Here's the thing, I've vowed to always fight for the right of free expression. It's allowed, no matter what the profession. I pride myself in having earned the respect of many because I make no apologies for the truth and hold nothing back. I don't fight for things because they serve me, I fight for them because they are right. Sources trust me because I am an unadulterated version of the truth. I won't ever bend just because its popular to do so and I'm not bending now. 

This is my voice. Hope it makes you laugh."

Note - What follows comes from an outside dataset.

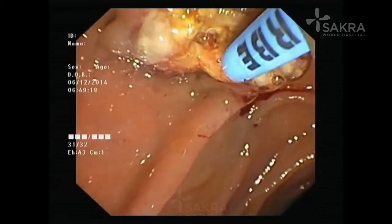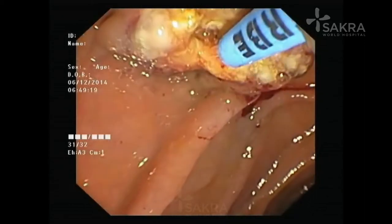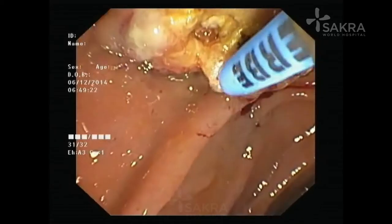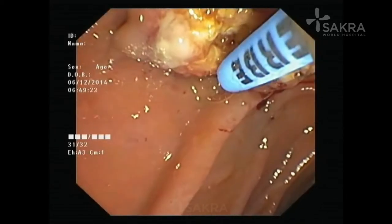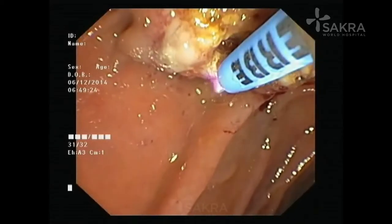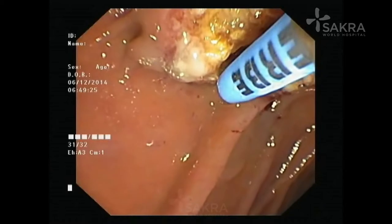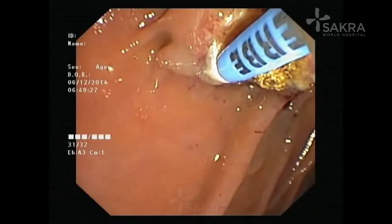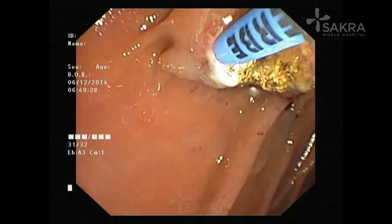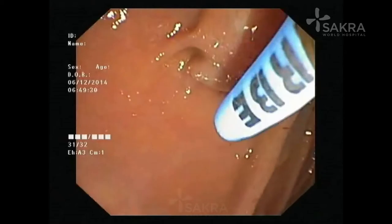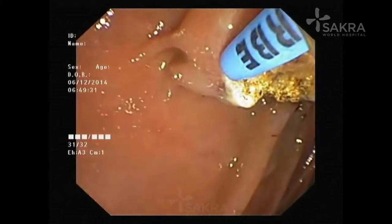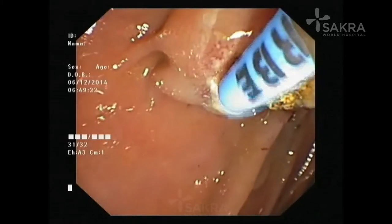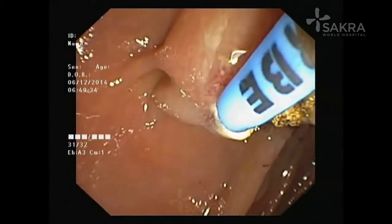Another important step to prevent complications is to stent both the biliary and pancreatic ducts. We also use coagulation to ablate any residual tumor tissue. You can see the APC — argon plasma coagulation — being used to ablate the residual tumor tissue at the resection site.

While the blog entry was ostensibly tongue-in-cheek, it was never very funny to begin with. Allen made some pretty colorful confessions that make her and her station look unprofessional, and reposting them is almost asking to have your reputation sullied. She took to Twitter to announce that she had been terminated without cause, and added that her post was a "stand on transparency."

 

Had Allen been fired for posting the blog once without warning, social media outrage would perhaps be warranted. But reposting it and still feeling wronged? It doesn't matter what industry you work in or how transparent you hope to be in your profession: When your employers tell you to take something down, you don't blatantly disobey them without expecting some consequence.

More importantly, WAAY asking for Allen to take her post down was doing her a favor. The blog showed some personality, as she intended, but it also called into question her ability and ethics as a reporter. Had Allen not been fired, viewers would be skeptical of every segment she was in.

It does raise an interesting question though. Where is the line in posting on the internet, and does that line change for journalists? Transparency should be encouraged, and Twitter, Facebook, and blogs are the best way for a reporter to engage with its readership. But secrets that damage a company name should never be revealed. If Allen was the owner of her work, nobody would have a problem with what she posted.

Allen's post and repost exemplify the wrong way to use social media as a journalist. Nobody gained anything from her blog, but she certainly lost something.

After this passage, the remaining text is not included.